→ Task to complete: Exactly and only the lines below from the one containing "Clay collar long sleeve t-shirt" down to the one containing "模拟老大爷06 开压路机上路还被小轿车虐 这辆压路机是假的吧视频封面" are wanted, both included; please exclude every picture.

━━ Material shown ━━

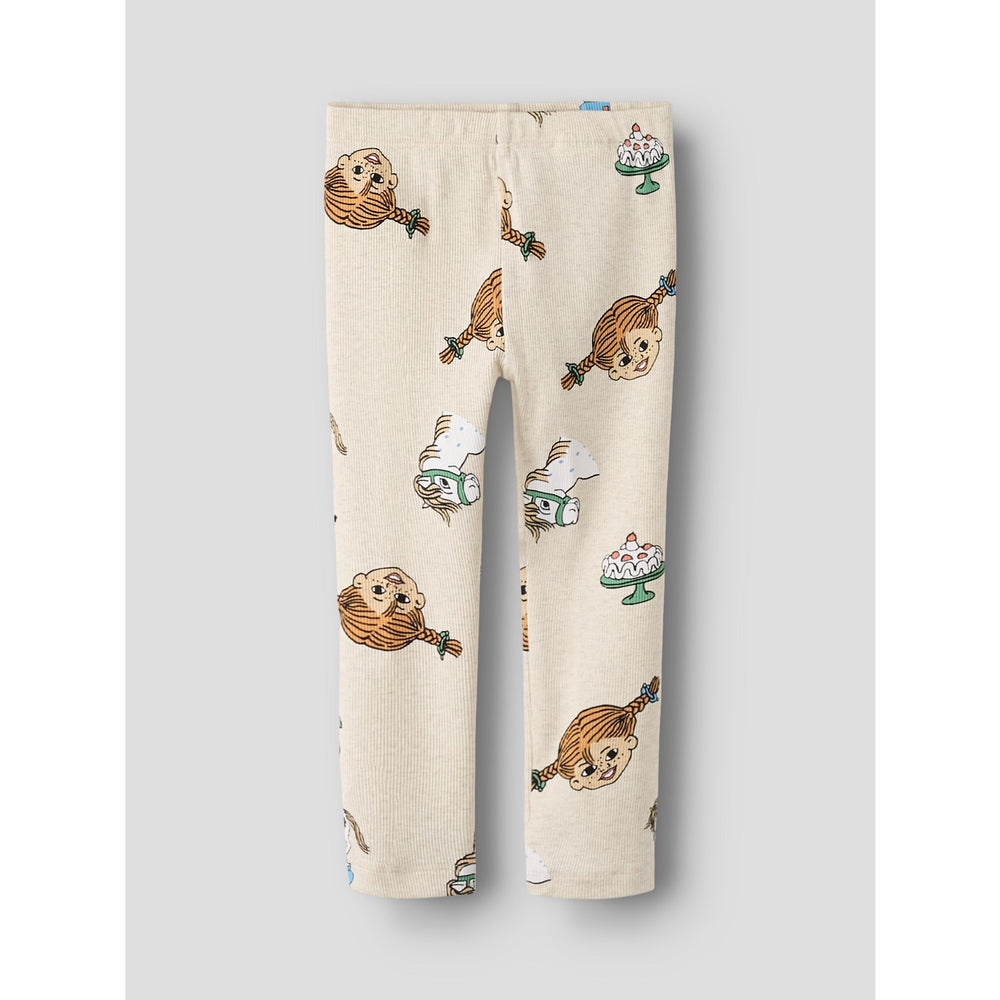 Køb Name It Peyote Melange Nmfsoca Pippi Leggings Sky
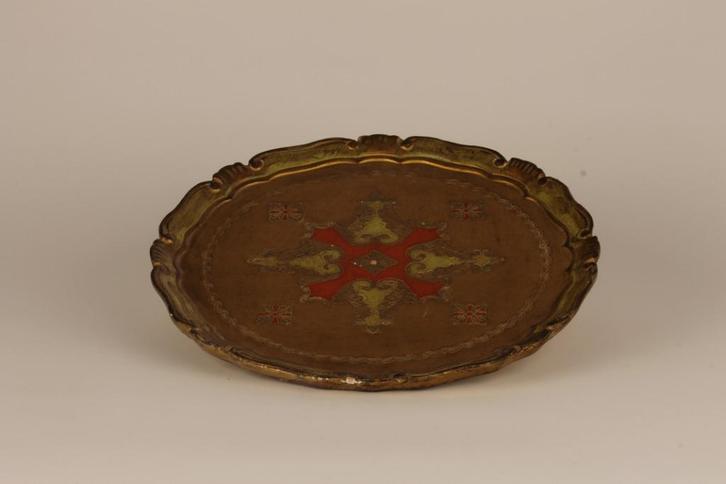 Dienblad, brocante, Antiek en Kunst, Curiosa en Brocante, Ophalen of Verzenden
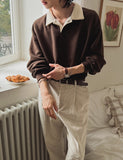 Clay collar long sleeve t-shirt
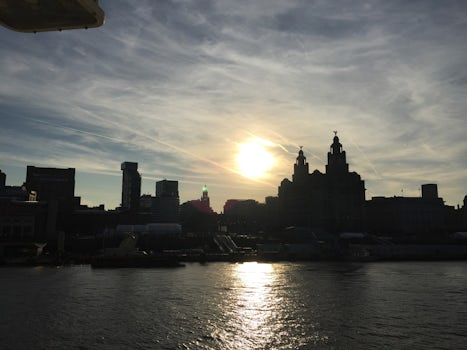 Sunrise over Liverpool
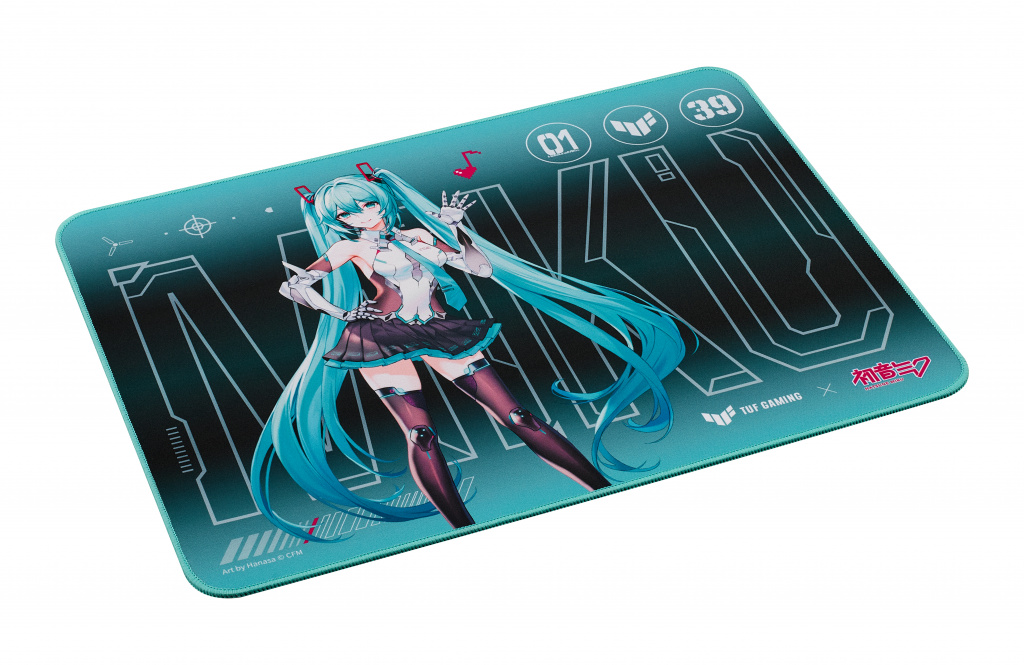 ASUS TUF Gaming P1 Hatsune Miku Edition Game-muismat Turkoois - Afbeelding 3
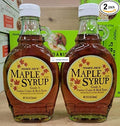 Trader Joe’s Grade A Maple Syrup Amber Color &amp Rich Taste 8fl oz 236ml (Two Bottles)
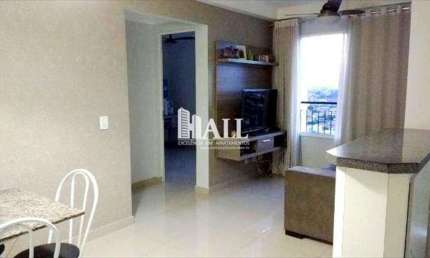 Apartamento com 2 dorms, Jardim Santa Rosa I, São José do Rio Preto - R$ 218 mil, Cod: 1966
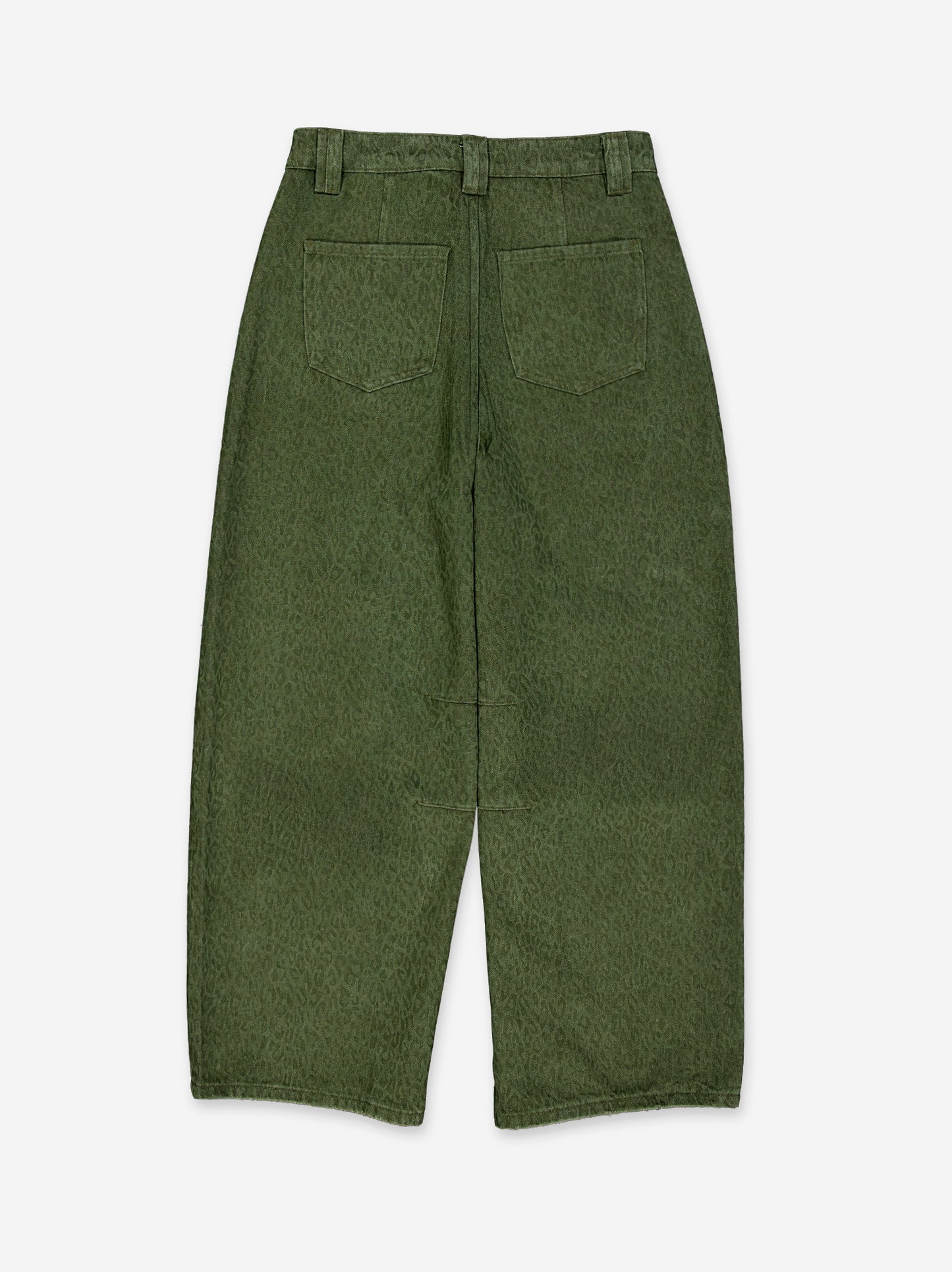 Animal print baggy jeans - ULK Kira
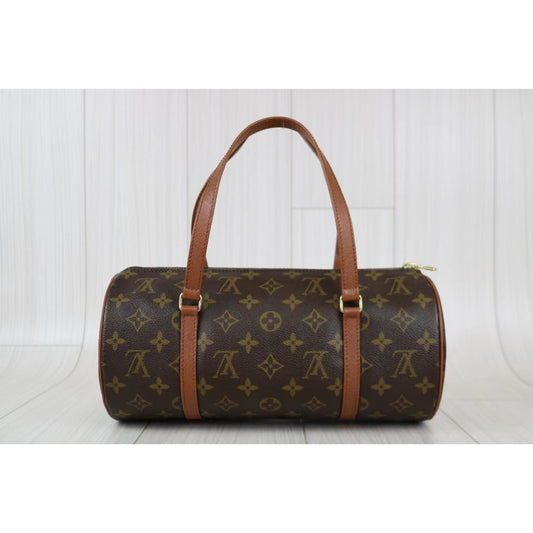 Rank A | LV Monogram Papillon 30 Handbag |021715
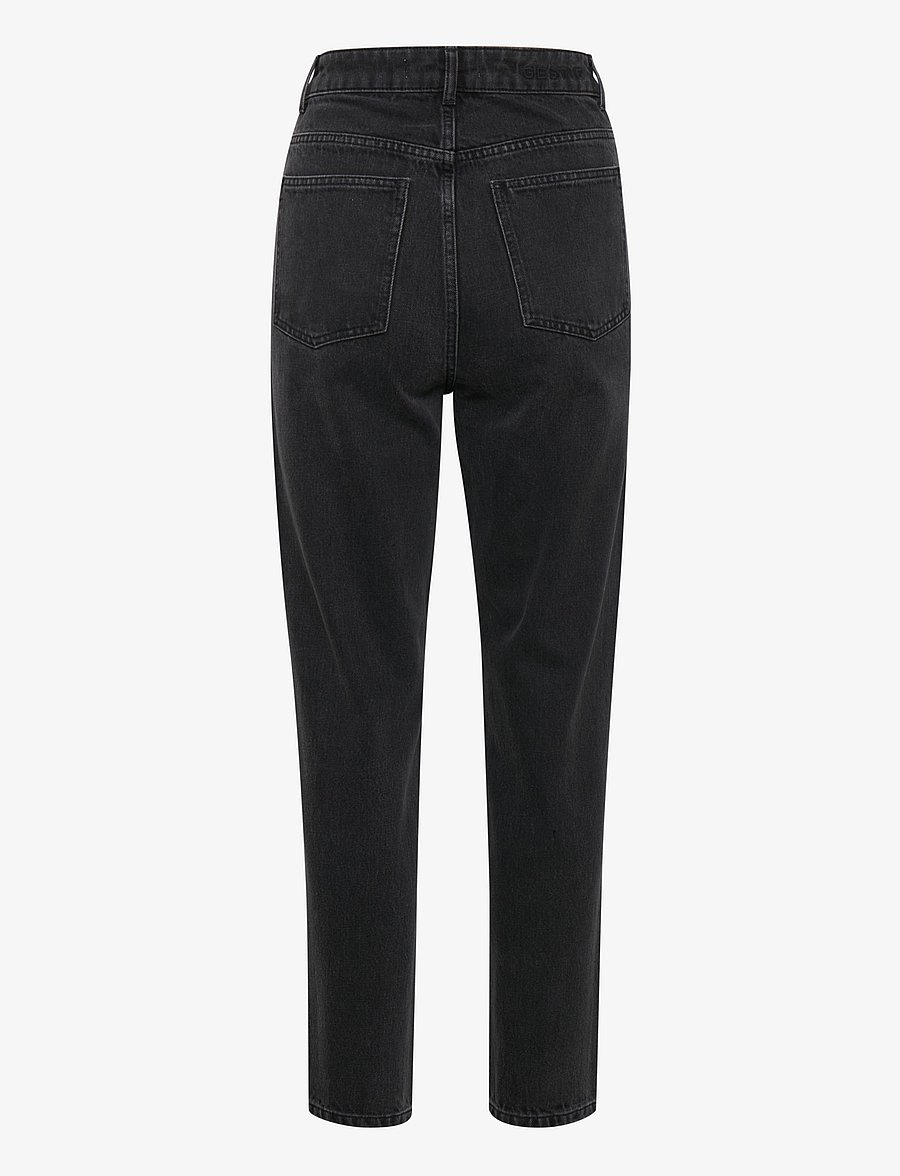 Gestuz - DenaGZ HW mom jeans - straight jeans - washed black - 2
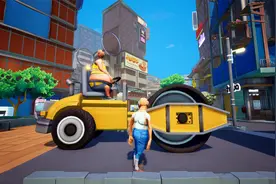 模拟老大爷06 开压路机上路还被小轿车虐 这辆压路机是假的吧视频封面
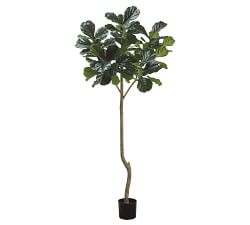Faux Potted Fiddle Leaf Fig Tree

━━━

→ Task response:
 Clay collar long sleeve t-shirt
 Sunrise over Liverpool
 ASUS TUF Gaming P1 Hatsune Miku Edition Game-muismat Turkoois - Afbeelding 3
 Trader Joe’s Grade A Maple Syrup Amber Color &amp Rich Taste 8fl oz 236ml (Two Bottles)
 Apartamento com 2 dorms, Jardim Santa Rosa I, São José do Rio Preto - R$ 218 mil, Cod: 1966
 Animal print baggy jeans - ULK Kira
 Rank A | LV Monogram Papillon 30 Handbag |021715
 Gestuz - DenaGZ HW mom jeans - straight jeans - washed black - 2
 模拟老大爷06 开压路机上路还被小轿车虐 这辆压路机是假的吧视频封面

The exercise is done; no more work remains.